(Input data)
#####
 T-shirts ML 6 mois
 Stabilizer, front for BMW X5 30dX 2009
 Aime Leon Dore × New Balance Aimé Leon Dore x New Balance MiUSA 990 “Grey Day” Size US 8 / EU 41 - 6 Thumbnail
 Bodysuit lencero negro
#####
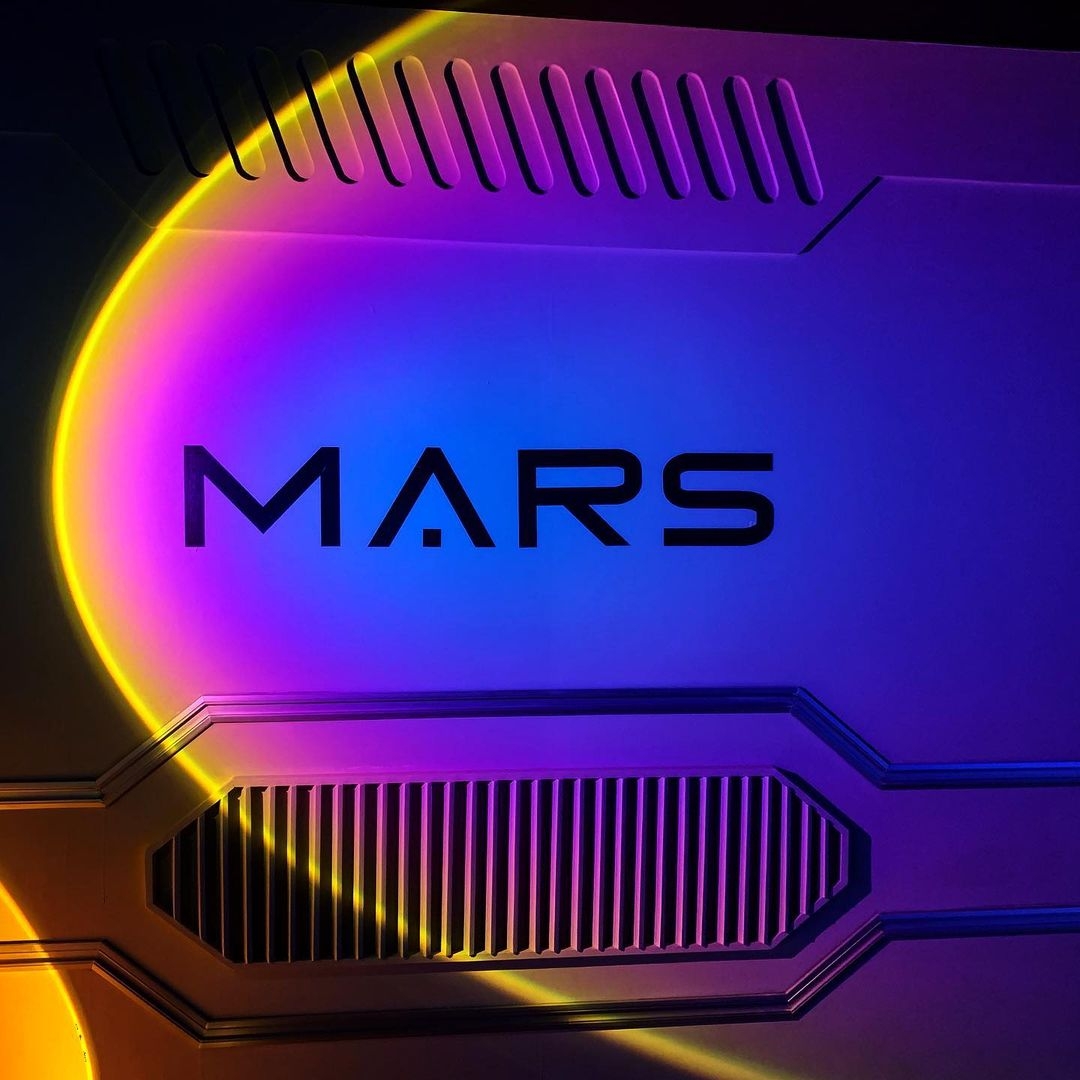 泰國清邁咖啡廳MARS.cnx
#####
(What is expected)
Using the records above, write out exactly the lines between the one holding "Stabilizer, front for BMW X5 30dX 2009" and the one holding "Bodysuit lencero negro", inclusive; leave everything else out.

(Reply)
 Stabilizer, front for BMW X5 30dX 2009
 Aime Leon Dore × New Balance Aimé Leon Dore x New Balance MiUSA 990 “Grey Day” Size US 8 / EU 41 - 6 Thumbnail
 Bodysuit lencero negro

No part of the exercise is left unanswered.